Source : https://www.thelinuxrain.com/articles/tweaking-uniq-c
Remove the leading spaces with sed :
$ sort input | uniq -c | sort -nr | sed 's/^\s*//' > output
uniq -c
adds leading whitespace. E.g.
$ echo test
test
$ echo test | uniq -c
1 test
You could add a command at the end of the pipeline to remove it. E.g.
$ echo test | uniq -c | sed 's/^\s*//'
1 test
FWIW you can use a different sorting tool for more flexibility. Python is one such tool.
Source
#!/usr/bin/python3
import sys, operator, collections
counter = collections.Counter(map(operator.methodcaller('rstrip', '\n'), sys.stdin))

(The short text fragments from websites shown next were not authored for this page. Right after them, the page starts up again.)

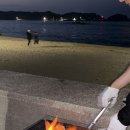 공현진가리비
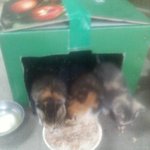 머<b>여한</b>.6시정도댄줄알앗는데..8시20분이네...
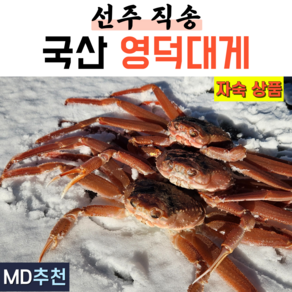 국산 프리미엄 영덕대게 자숙 대게 구룡포 게 대개 3마리 5마리 제철, 1박스, 특대 10.5~11cm 3마리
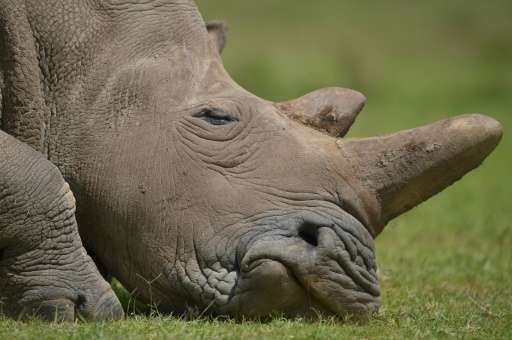 Rhino horn is worth more than gold or cocaine per kilo on the black market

for item, count in counter.most_common():
print(count, item)
In theory this would even be faster than the sort
tool for large inputs since the above program uses a hash table to identify duplicate lines instead of a sorted list. (Alas it places lines of identical count in an arbitrary instead of a natural order; this can be amended and still be faster than two sort
invocations.)
Output Format
If you want more flexibility on the output format you can look into the print()
and format()
built-in functions.
For instance, if you want to print the count number in octal with up to 7 leading zeros and followed by a tab instead of a space character with a NUL line terminator, replace the last line with:
print(format(count, '08o'), item, sep='\t', end='\0')
Usage
Store the script in a file, say sort_count.py
, and invoke it with Python:
python3 sort_count.py < input